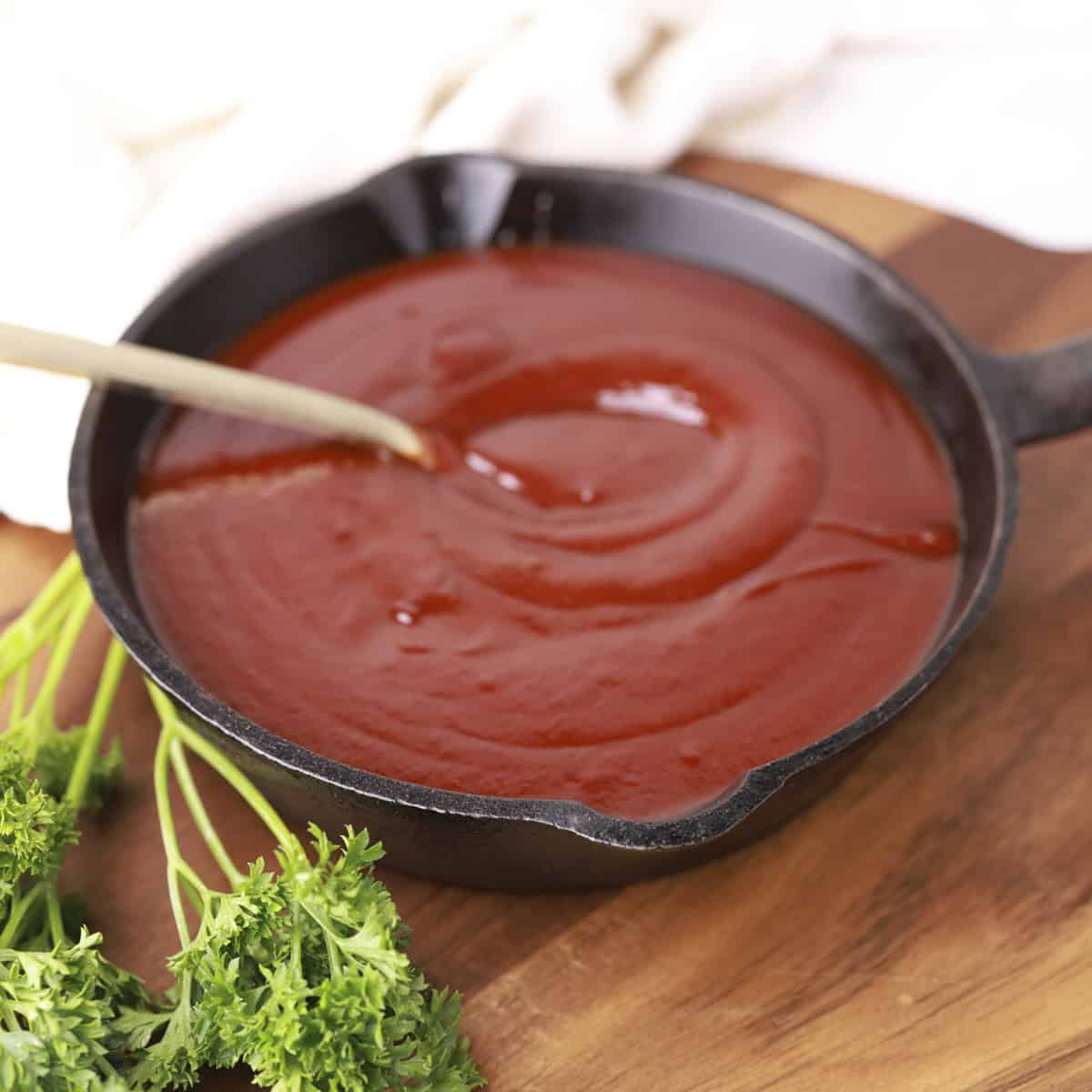 A skillet filled with Homemade BBQ Sauce, displayed on a wooden board with greens and a spoon in it.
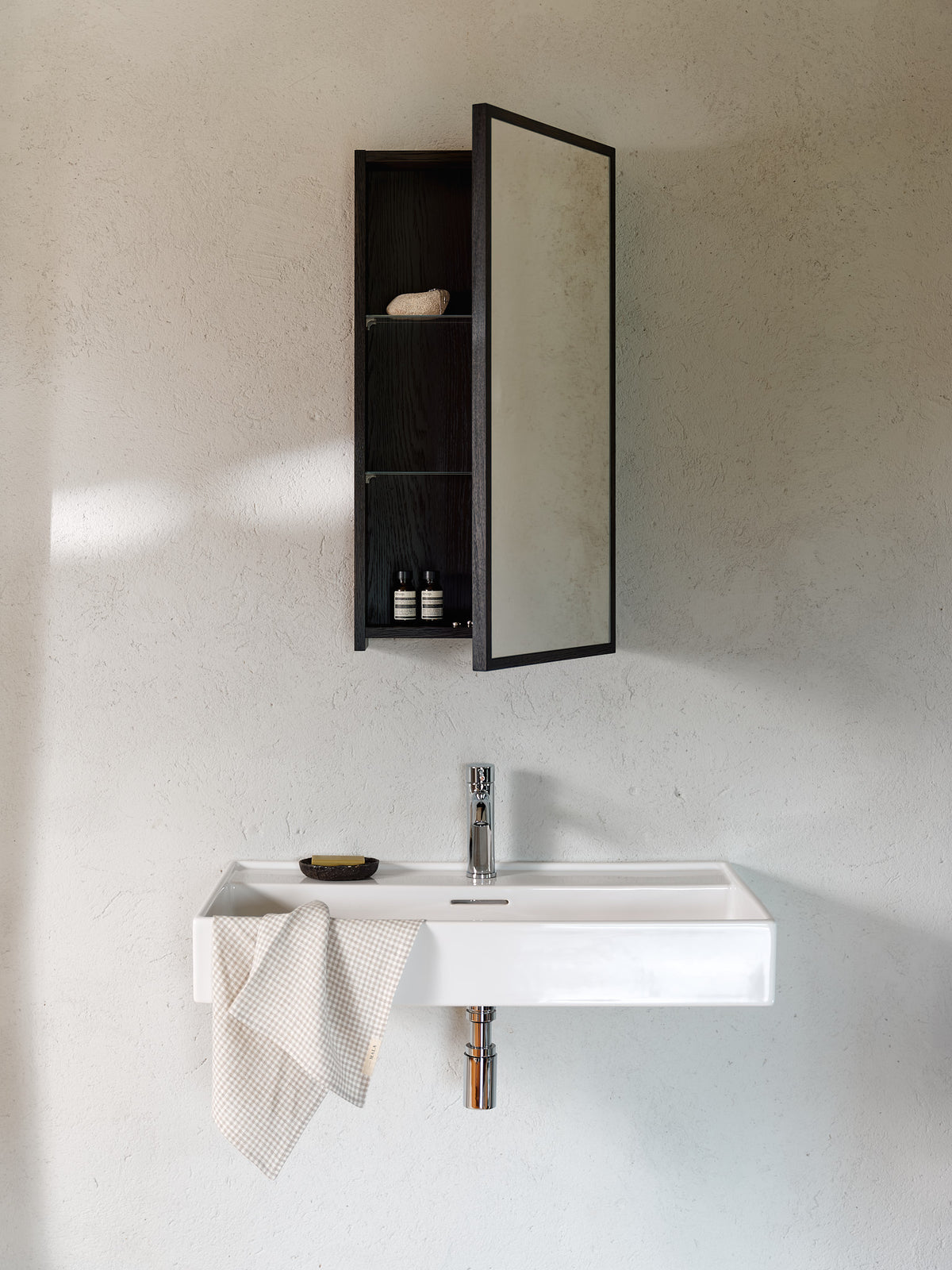 Black oak wall-mounted bathroom mirror cabinet open above a sink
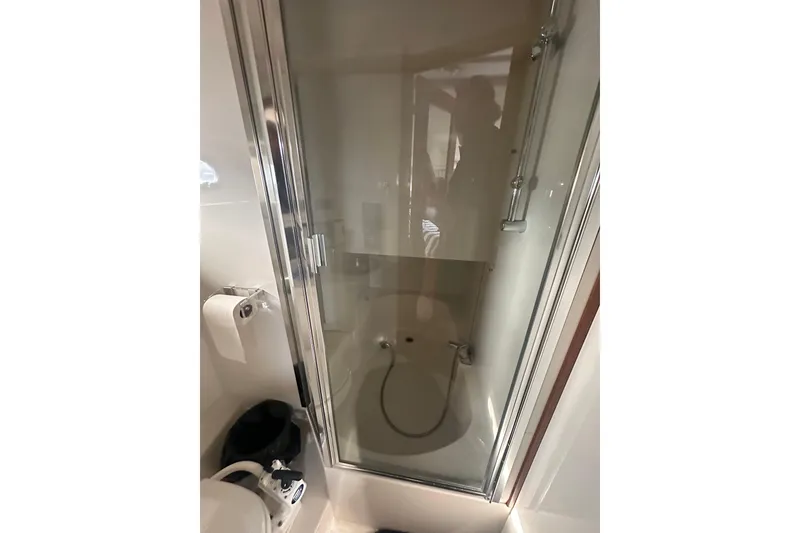 Slide: The Image of 1997 Bayliner 3988 Command Bridge Motoryacht bathroom with shower and toilet. - 50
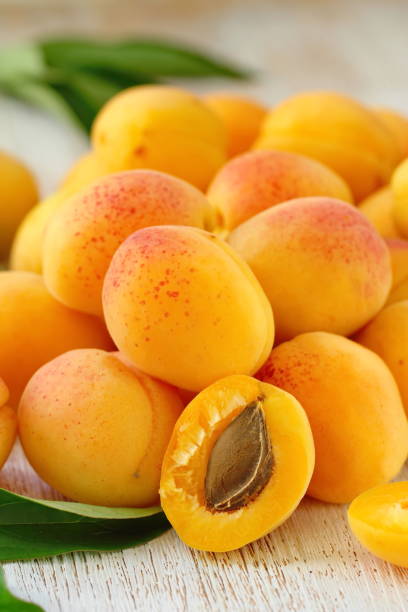 istock Ripe apricots on the table 989518222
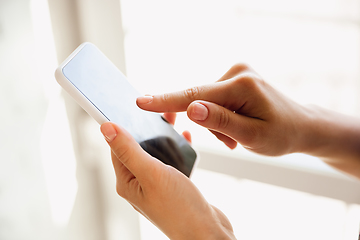 Image showing Close up of caucasian female hands during working in office, studying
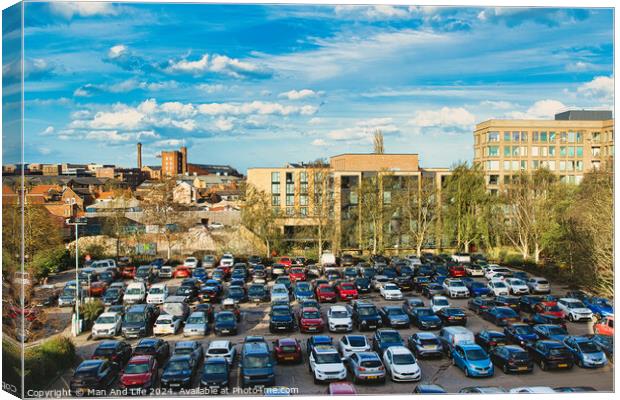 Urban parking lot filled with cars on a sunny day, with city buildings in the background and a clear blue sky overhead in York, North Yorkshire, England. Canvas Print by Man And Life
^^^^^^^^
**Problem statement:**
Restate the listing word for word. Pictures do not belong in the copy.

**Result of this exercise:**
 A skillet filled with Homemade BBQ Sauce, displayed on a wooden board with greens and a spoon in it.
 Black oak wall-mounted bathroom mirror cabinet open above a sink
 Slide: The Image of 1997 Bayliner 3988 Command Bridge Motoryacht bathroom with shower and toilet. - 50
 istock Ripe apricots on the table 989518222
 Image showing Close up of caucasian female hands during working in office, studying
 Urban parking lot filled with cars on a sunny day, with city buildings in the background and a clear blue sky overhead in York, North Yorkshire, England. Canvas Print by Man And Life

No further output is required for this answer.